# Home-made chainsaw mill -- from wood?



## grweldon

I'm certainly interested in cutting up some logs for personal use, I have 60 acres mostly with southern yellow pine growing on it. I'm also building a house and I sure could use some pine to mill into siding or battens for the interior. I know for that amount of cutting I should probably get a bandsaw mill, and I'm thinking about it.

In the meantime, I own a small Stihl 024 (42 cc - buying an 18" bar) and I'm designing a saw frame that I intend to build from hardwood, probably oak or maple. I've been extensively researching bandsaw and chainsaw mills for months and I've never seen anybody build one from wood. I imagine there is a reason for this, but maybe not. Wood is a good vibration isolator, probably stiff enough for the small logs (under 12" dia) that I want to cut, and I'm quite a good (precision) woodworker. I'm thinking that good joinery, glued and reinforced with long screws will be able to take the pounding that a mill frame would get, at least for some amount.

I'm all about trading effort for cost and I can build a frame for almost nothing. Opinions backed up with experience would be appreciated, but if you've never sawn wood with a chainsaw mill, your opinion would probably just be a guess, similar to my opinion...

What do y'all think?


----------



## woodnthings

*you're in the pole position...go for it*

Any opinions would be just that "opinions" and since you have the desire I would encourage you to make one. You can consider metal braces where pieces intersect or butt in which case the wood is just a member separating the the braces. Keep in mind triangles are self structural and rectangles and squares will collapse. Best of luck, :thumbsup: bill


----------



## PSDkevin

I have a granberg CSM and im sort of pissed i didnt see one up close before i bought. I would have made an attempt to build one. It not a bad mill but i am positive i could build one. I see no reason you couldnt build most, if not all of it, out of wood. Nothing too tricky. I second the go for it from before. Who knows maybe youll come up with the next big thing. Keep us posted.


----------



## grweldon

I appreciate the encouragement from you all! I was just wondering if anybody had heard of a CSM made from wood? This is basically what I've come up with for the moment. It will require the use of a 20" bar. The log in the picture is 12" in diameter, which will be about the capacity of the mill, based on my small chainsaw. The mill could easily be widened by changing only the length of the 4 horizontal pieces...


----------



## grweldon

I'm thinking about adding a platform on the opposite side from the chainsaw mounting so that I could add counterweights to balance the weight of the saw. It will make the device a bit more awkward to store and transport, but I think in operation it will make the sawmill easier to operate. The silver slab on top of the log is the guide for the first cut. It is a box outline of my aluminum extension ladder.

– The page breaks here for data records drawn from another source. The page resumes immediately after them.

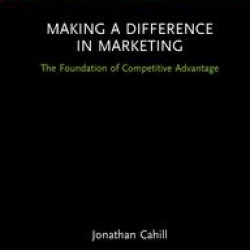 Making a Difference in Marketing Making a Difference in Marketing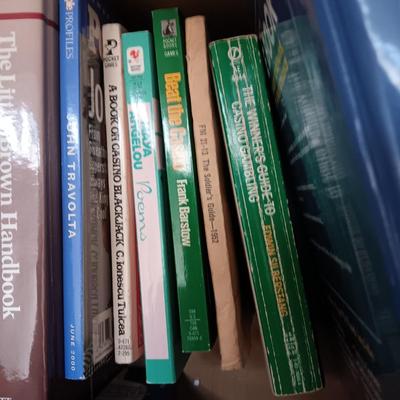 A VARIETY OF BOOKS
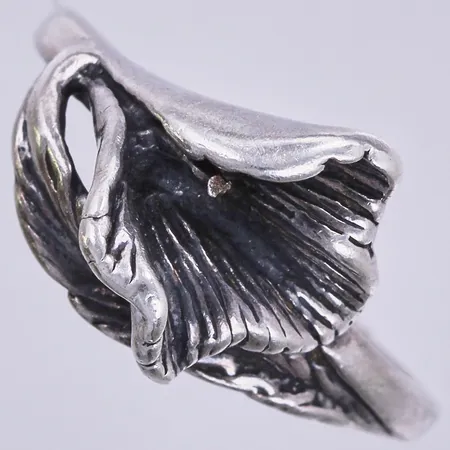 Ring, stl: 17¼, Ø10mm, silver 925/1000 Vikt: 3,4 g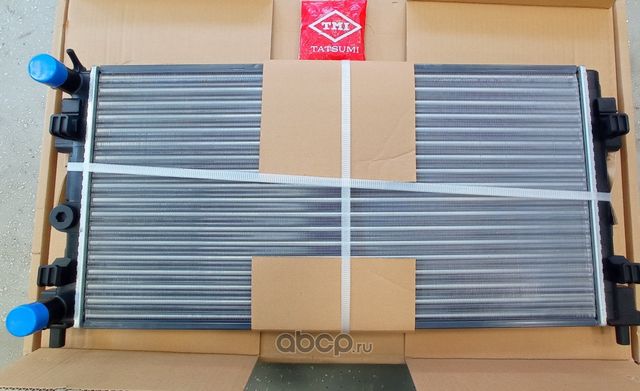 Радиатор VAG POLO 10-/ FABIA 10-/ROOMSTER 06 (Tatsumi). Артикул TGA1031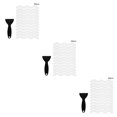 thumbnail image 4 of Toystoory Adhesivo antideslizante Piso Bañera Anti-skip Calcomanía Hogar Baño Cocina PEVA S Forma Cinta Type1 NO1, 4 of 6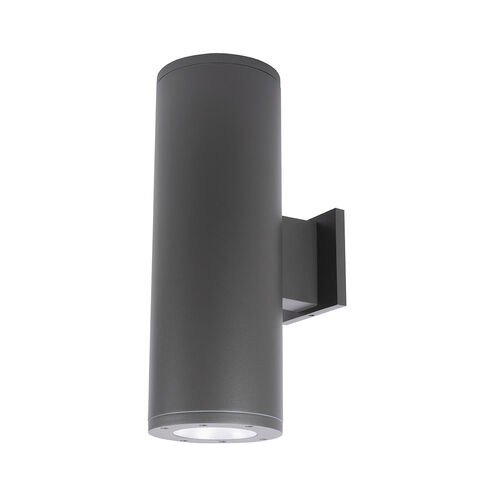 Cube Arch LED 7.88 inch Graphite Sconce Wall Light in Flood, 90, 3000K, Away From Wall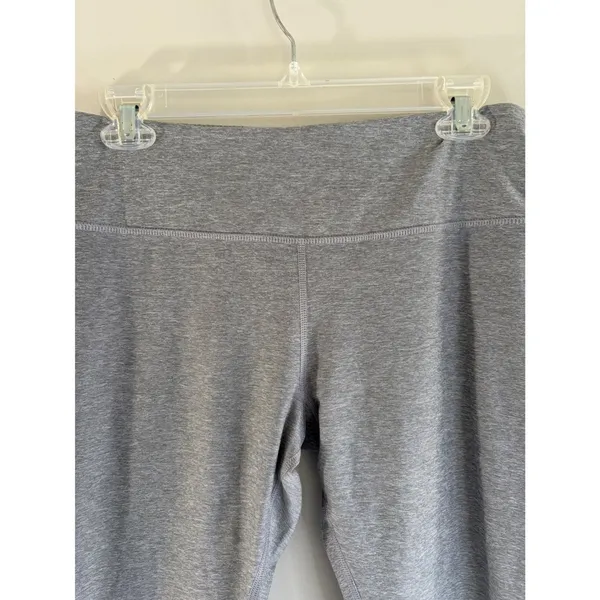 Scorpio Sol Heather Grey High Waisted Active Leggings Medium Hidden Pocket‎ - Image 5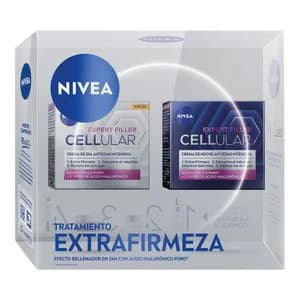 NIVEA Expert filler cellular Estuche con crema de día y crema de noche antiedad.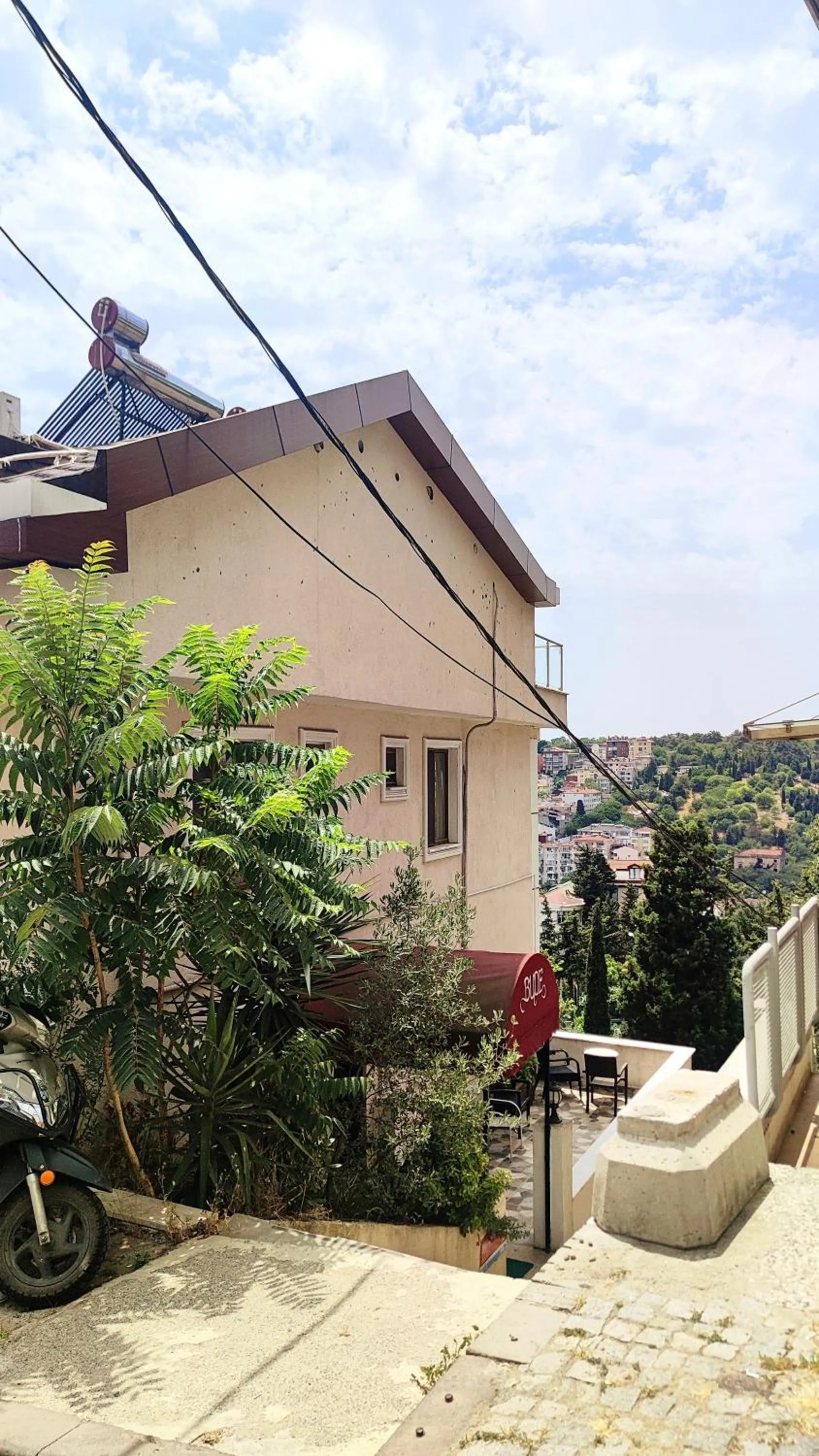 Property building in Bude Ortaköy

Any comments or suggestions for additions/modifications from someone who has a bit of time operating a CSM would be appreciated...


----------



## slabmaster

*csm*

I've been milling with a csm for the last 10 years. With that said, I think the saw you plan to use is way too small for milling. With the ethanol laced gas these days it's hard to get away with a big saw without burning it up. I use a 395 husky and many 066 saws for milling and have to re-ring them often.As far as the wood idea, I think you will have trouble clamping it to a bar with wood without slipping. I made my first one with square steel tubeing, but found it too heavy for my likeing, so i bought an alaskan csm mill for the light weight.


----------